(Image-caption web data)
-- -- --

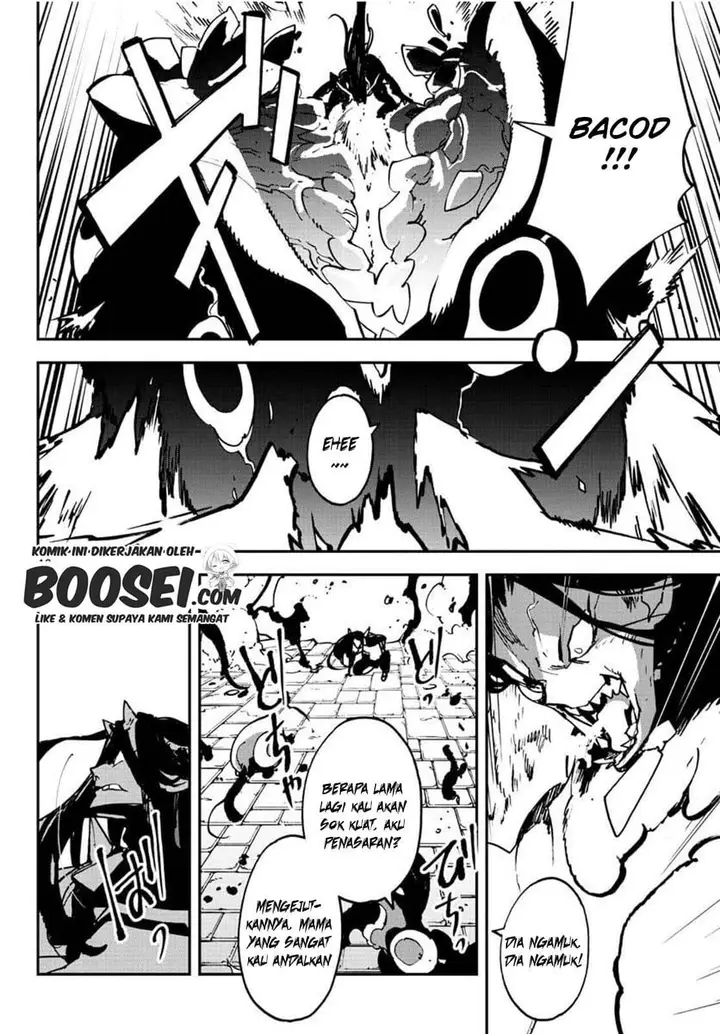 image-komik-ninkyou-tensei-isekai-no-yakuzahime-chapter-21.1-16/22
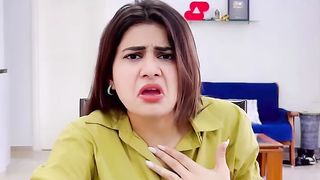 Keya Zabardast Sazaa De
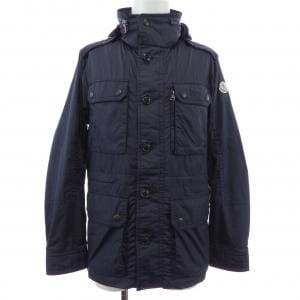 モンクレール MONCLER CRISTIAN ジャケット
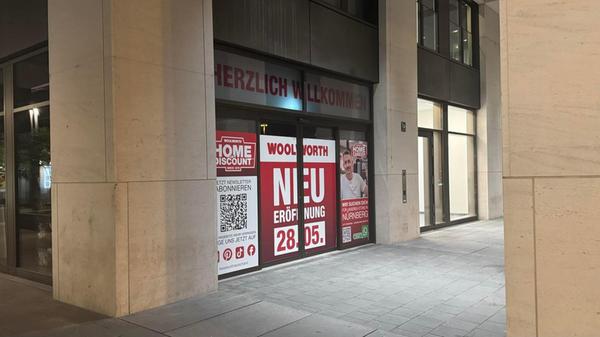 Medien (21)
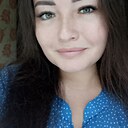Виктория, 34 года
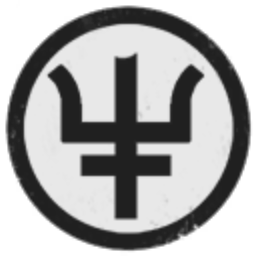 Dust514 Corporation 98290334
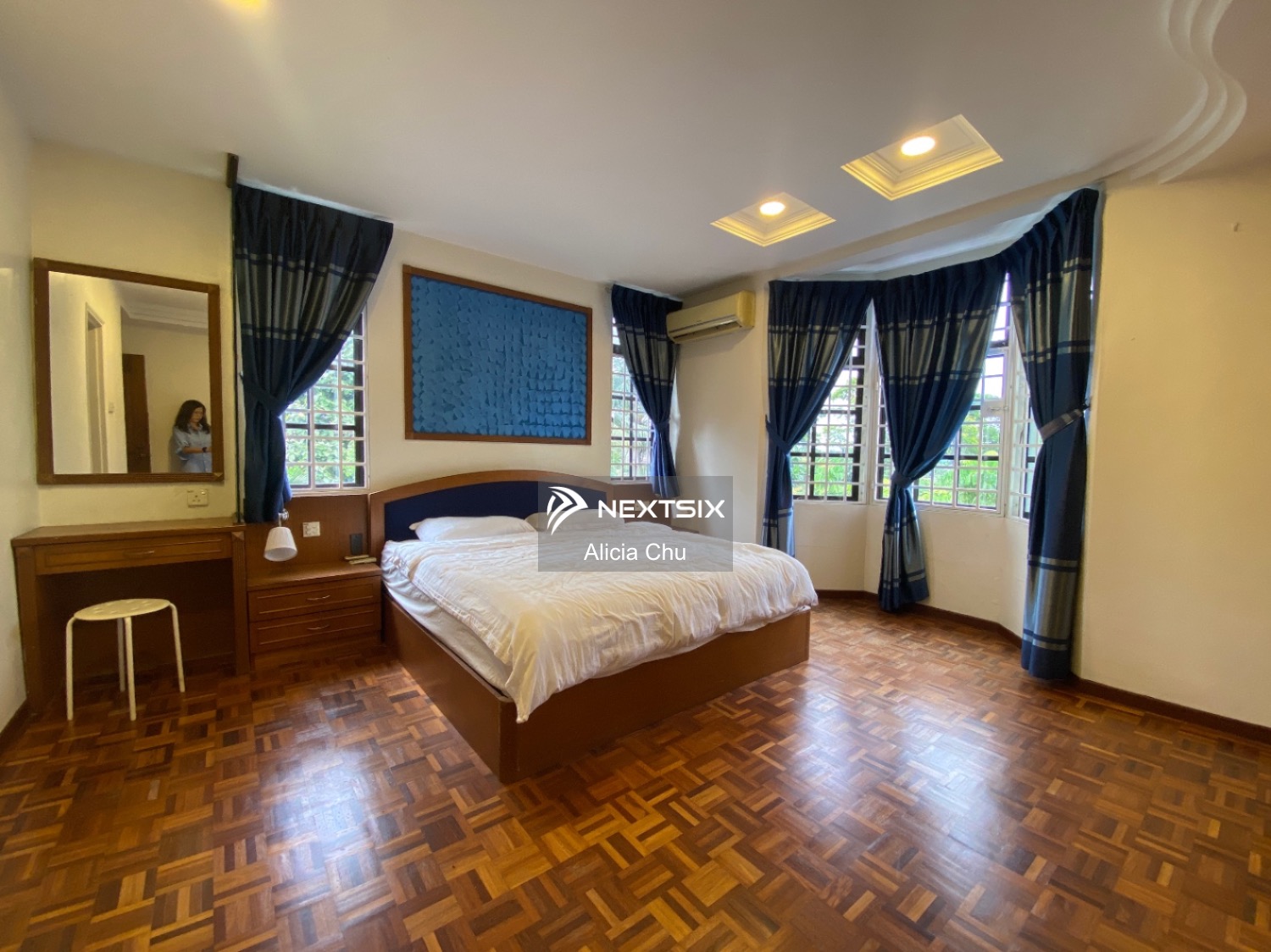 Semi-detached House For Sale in Masai Johor - Image 5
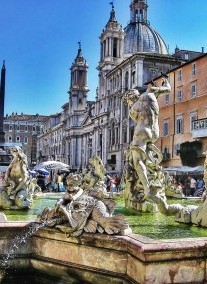 2023.10.11-10.15. 5nap/4éj Svájc és Olaszország bűvöletében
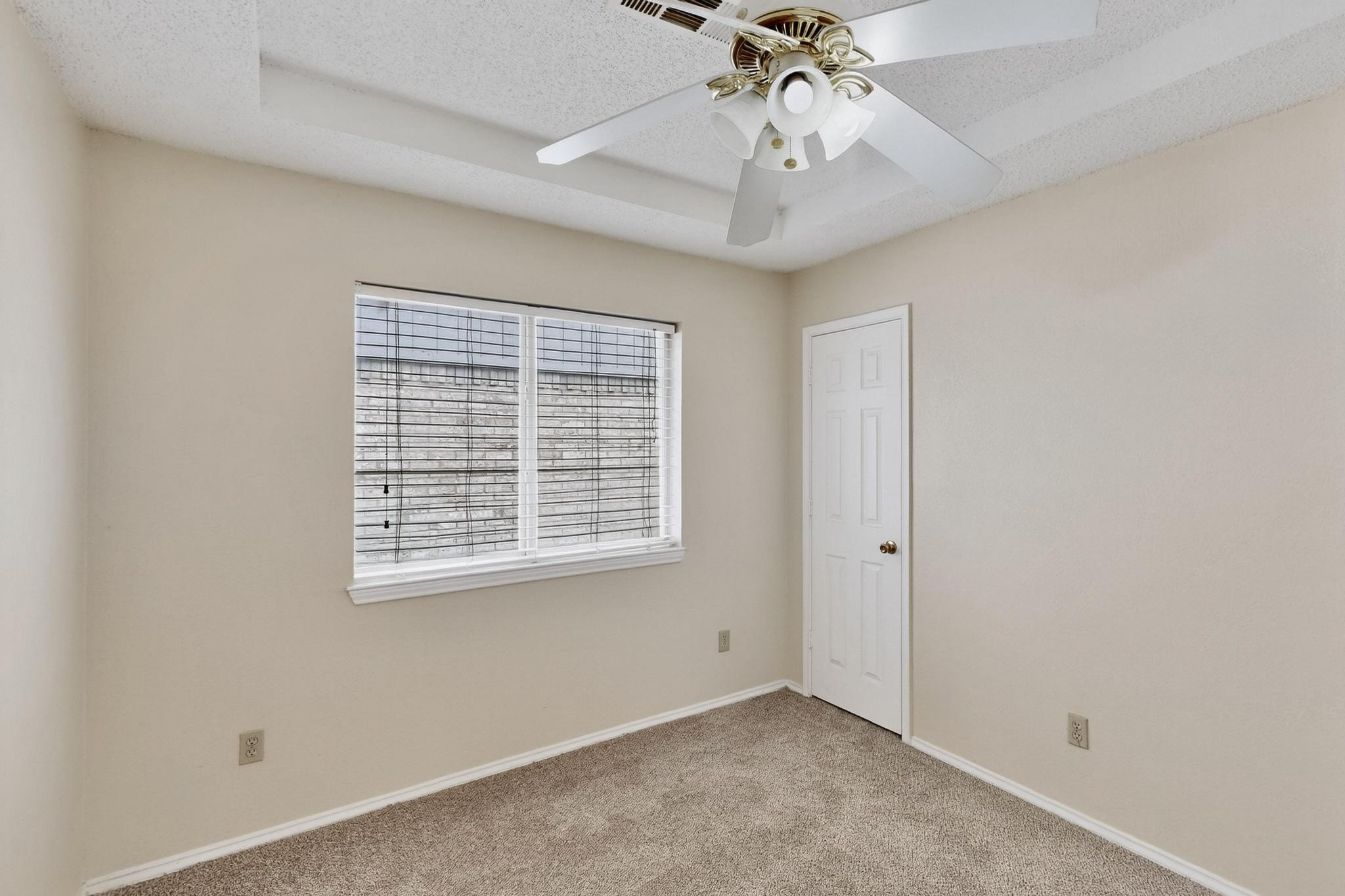 4457 Flamingo Court Mesquite TX 75150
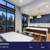Electric range, Elevator access, Wood-style plank flooring 5 thumbnail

-- -- --

Give every entry again word for word; no images belong in the copy.

• SOLUTION BELOW:
 image-komik-ninkyou-tensei-isekai-no-yakuzahime-chapter-21.1-16/22
 Keya Zabardast Sazaa De
 モンクレール MONCLER CRISTIAN ジャケット
 Medien (21)
Виктория, 34 года
 Dust514 Corporation 98290334
 Semi-detached House For Sale in Masai Johor - Image 5
 2023.10.11-10.15. 5nap/4éj Svájc és Olaszország bűvöletében
 4457 Flamingo Court Mesquite TX 75150
Electric range, Elevator access, Wood-style plank flooring 5 thumbnail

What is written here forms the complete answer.